Alguns dos versos bate e pronto.
Viva Piva!
Eu vi uma linda cidade cujo nome esqueci/
onde anjos surdos percorrem as madrugadas tingindo seus olhos com
lágrimas invulneráveis/
onde crianças católicas oferecem limões para pequenos paquidermes
que saem escondidos das tocas/
onde adolescentes maravilhosos fecham seus cérebros para os telhados
estéreis e incendeiam internatos/
onde manifestos niilistas distribuindo pensamentos furiosos puxam
a descarga sobre o mundo/
onde um anjo de fogo ilumina os cemitérios em festa e a noite caminha
no seu hálito/
onde o sono de verão me tomou por louco e decapitei o Outono de sua
última janela/
onde o nosso desprezo fez nascer uma lua inesperada no horizonte
branco/
onde um espaço de mãos vermelhas ilumina aquela fotografia de peixe
escurecendo a página/
onde borboletas de zinco devoram as góticas hemorróidas das
beatas/
onde os mortos se fixam na noite e uivam por um punhado de fracas
penas/
onde a cabeça é uma bola digerindo os aquários desordenados da
imaginação
Paranóia, 1963
Eu vi os anjos de Sodoma escalando
um monte até o céu
E suas asas destruídas pelo fogo
abanavam o ar da tarde
Eu vi os anjos de Sodoma semeando
prodígios para a criação não
perder o ritmo de harpas
Eu vi os anjos de Sodoma lambendo
as feridas dos que morreram sem
alarde, dos suplicantes, dos suicidas
e dos jovens mortos
Eu vi os anjos de Sodoma crescendo
com o fogo e de suas bocas saltavam
medusas cegas
Eu vi os anjos de Sodoma desgrenhados e
violentos aniquilando os mercadores,
roubando o sono das virgens,
criando palavras turbulentas
Eu vi os anjos de Sodoma inventando a
loucura e o arrependimento de Deus
(Roberto Piva in Paranóia, 1963)
Praça da República dos meus sonhos / onde tudo se fez febre e pombas crucificadas /
onde beatificados vêm agitar as massas / onde Garcia Lorca espera seu dentista / onde conquistamos a imensa desolação dos dias mais doces
Uma tarde / é suficiente para ficar louco / ou ir ao Museu ver Bosch
Piazzas, 1964
amoras jorram a beleza anarquista de suas coxas molhadas
a este urubu em carne viva
que grasna na sacada
Queria ler Vico mas não posso / queria ler fico mas não fossa / queria tomar pico mas na roça / queria virar mico sem a coça / queria ouvir Chico lá na choça
Quizumba, 1983.
Está na hora de nossos poetas
deixarem de ser broxas
e tornarem-se bruxos
Homenagem a Roberto Piva
Dia 27 de Julho de 2010
A partir das 19h30
Descrição:
Casa das Rosas
Av.
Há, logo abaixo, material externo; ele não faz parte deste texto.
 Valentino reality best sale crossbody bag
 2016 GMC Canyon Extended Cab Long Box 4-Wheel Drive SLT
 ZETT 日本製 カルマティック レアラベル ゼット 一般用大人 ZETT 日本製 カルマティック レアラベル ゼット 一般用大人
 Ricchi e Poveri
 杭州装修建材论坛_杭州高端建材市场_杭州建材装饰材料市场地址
Paulista, 37 - Bela Vista - São Paulo - SP
Tel: (11) 3285-6986
(11) 3288-9447
Descrição:
O evento homenageia o poeta Roberto Piva, morto no dia 3 de julho em São Paulo, cidade onde nasceu em 1937.
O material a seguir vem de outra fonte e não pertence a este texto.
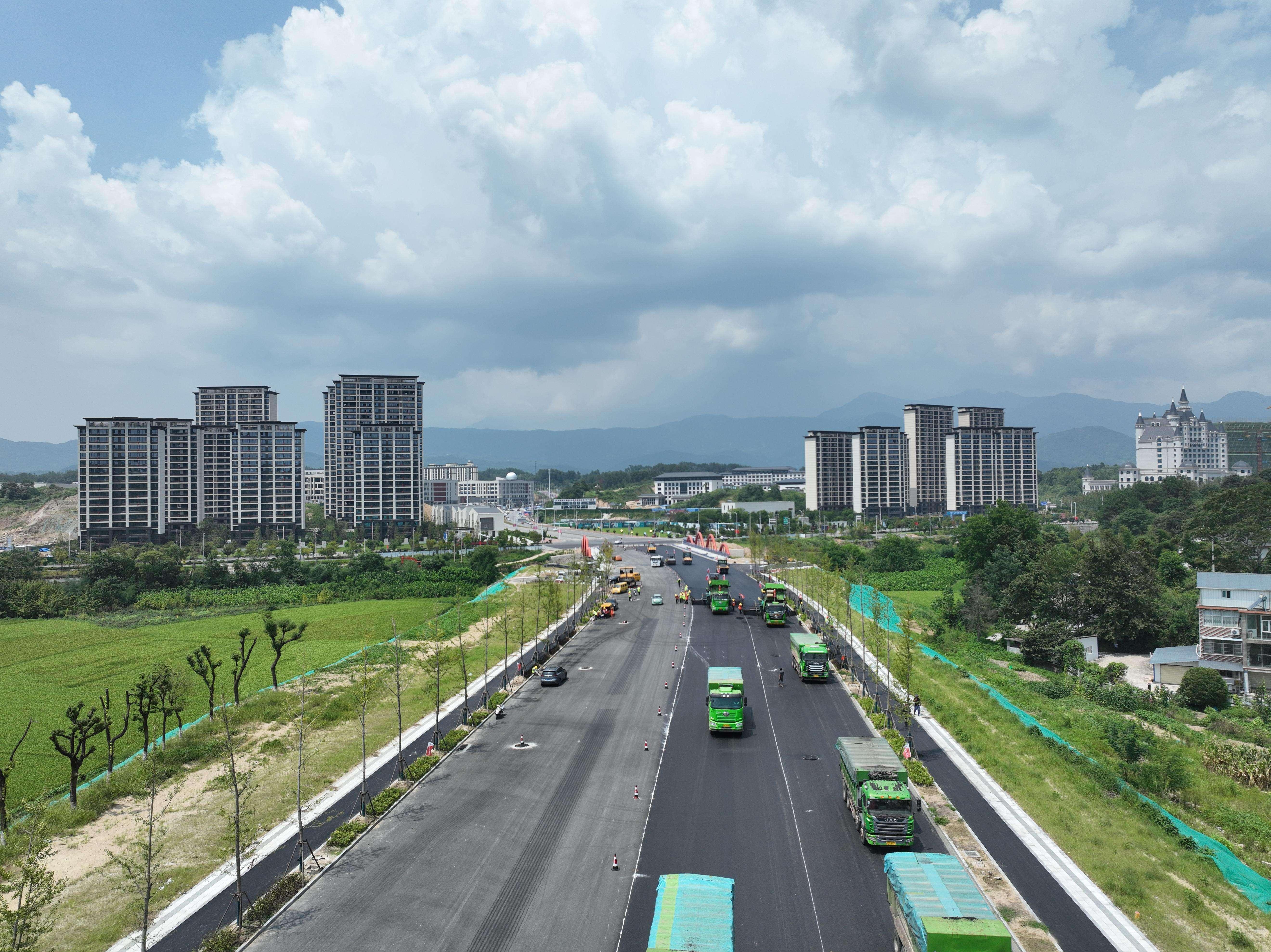 365Ӣ������(����)���޹�˾-Official website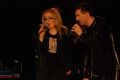 Koncert "Tylko wróć" w JDK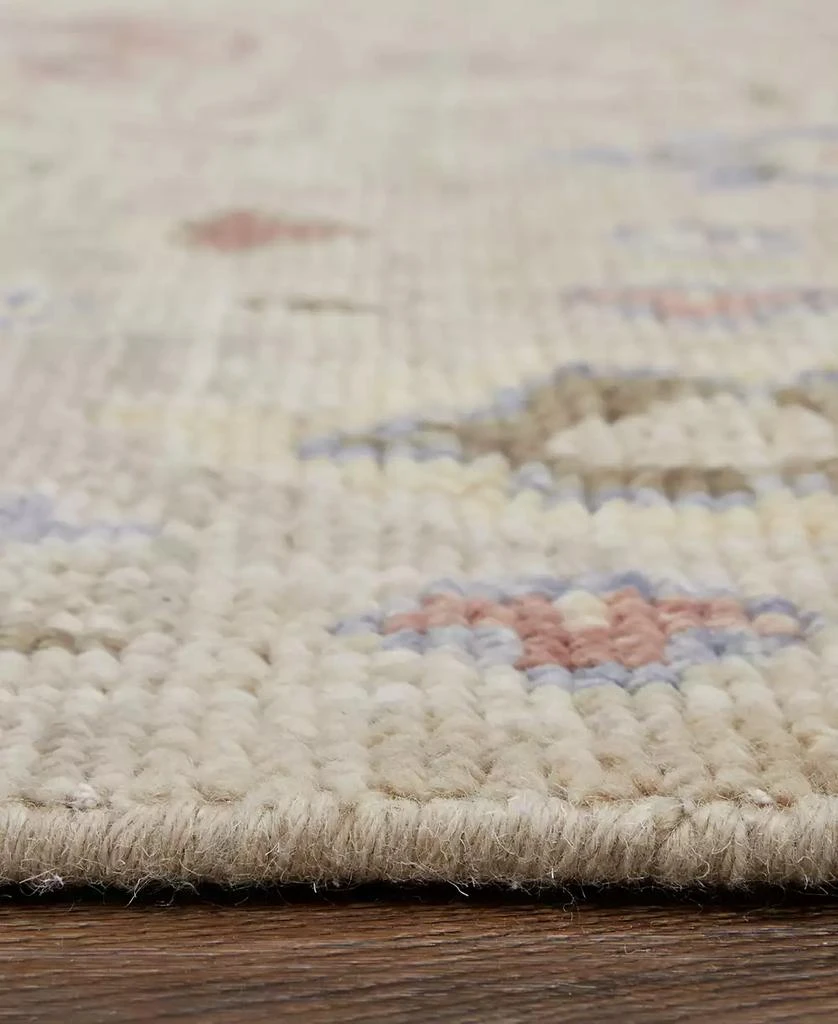 Feizy Fillmore 69CJF 8
x10
 Area Rug 9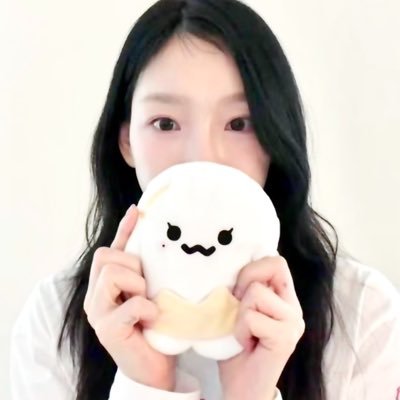 เนว 𑣲⋆'s profile picture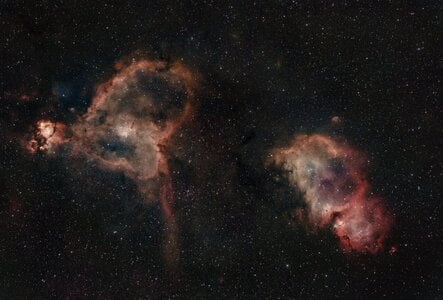 HeartandSoulNebulae.jpg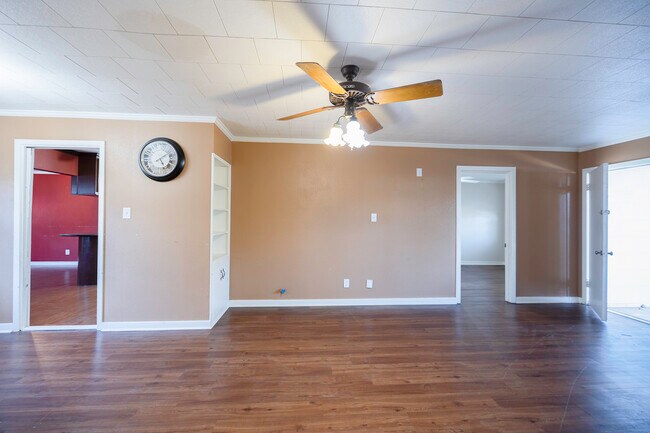 Photo - 806 E Stone St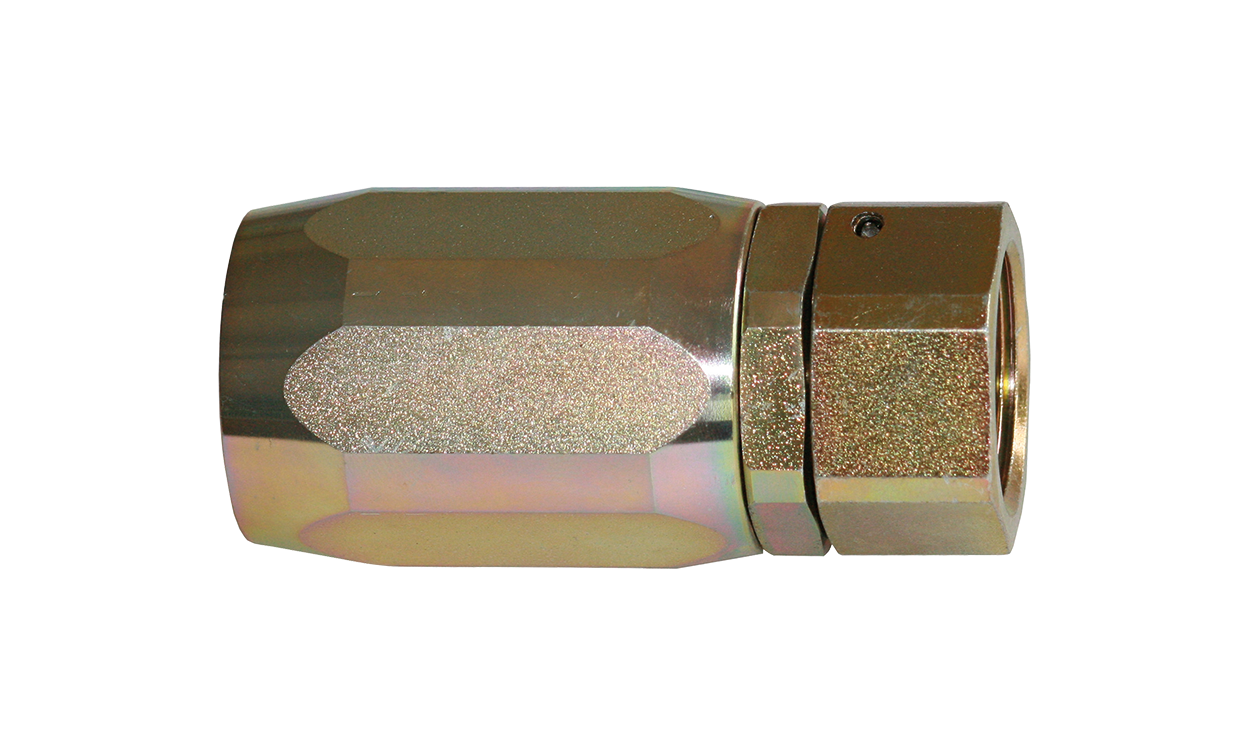 halber schraub armaturensatz fuer cobikantex schraubfassung und dichtkegel mit ueberwurfmutter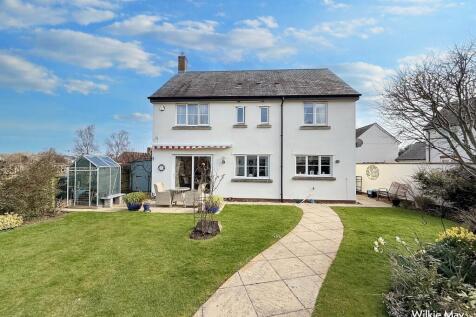 Property Image 18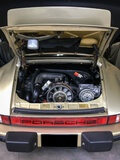  1977 Porsche 930 Turbo Carrera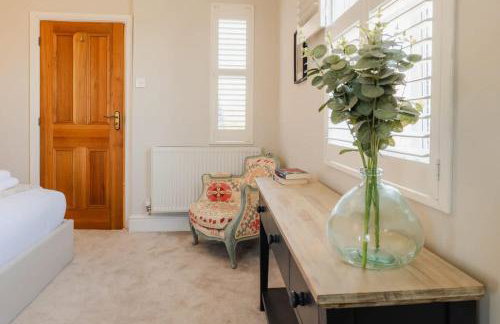 New listing Stunning Hoole home Perfect spot - Foto 28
A homenagem terá depoimentos de Claudio Willer, Roberto Bicelli e Rodrigo de Haro, seguidos de recital com a participação de Claudio Willer, Roberto Bicelli, Frederico Barbosa, Claudio Daniel, Marcelo Tápia, Fábio Weintraub, Virna Teixeira, Reynaldo Damazzio, Luiz Roberto Guedes, Rodrigo de Haro, Fábio Camarneiro e Danilo Monteiro.
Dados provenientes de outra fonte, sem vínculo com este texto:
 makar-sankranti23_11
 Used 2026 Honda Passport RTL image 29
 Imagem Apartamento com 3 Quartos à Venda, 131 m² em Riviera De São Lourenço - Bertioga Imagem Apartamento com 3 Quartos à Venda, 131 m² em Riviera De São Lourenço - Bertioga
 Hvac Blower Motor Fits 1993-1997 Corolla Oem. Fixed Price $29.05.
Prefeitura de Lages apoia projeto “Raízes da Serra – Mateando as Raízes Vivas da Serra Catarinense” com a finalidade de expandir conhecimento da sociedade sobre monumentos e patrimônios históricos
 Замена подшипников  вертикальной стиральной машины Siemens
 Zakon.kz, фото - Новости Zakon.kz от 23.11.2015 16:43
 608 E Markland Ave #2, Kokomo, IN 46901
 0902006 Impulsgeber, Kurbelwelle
Roberto Piva foi um dos mais importantes poetas do Brasil nas últimas décadas. Seu primeiro livro, Paranoia, foi publicado por Massao Ohno em 1963. Foi classificado como um "poeta maldito". Entre suas influência estão Álvares de Azevedo, Antonin Artaud, Arthur Rimbaud, Marquês de Sade, Pier Paolo Pasolini, entre outros.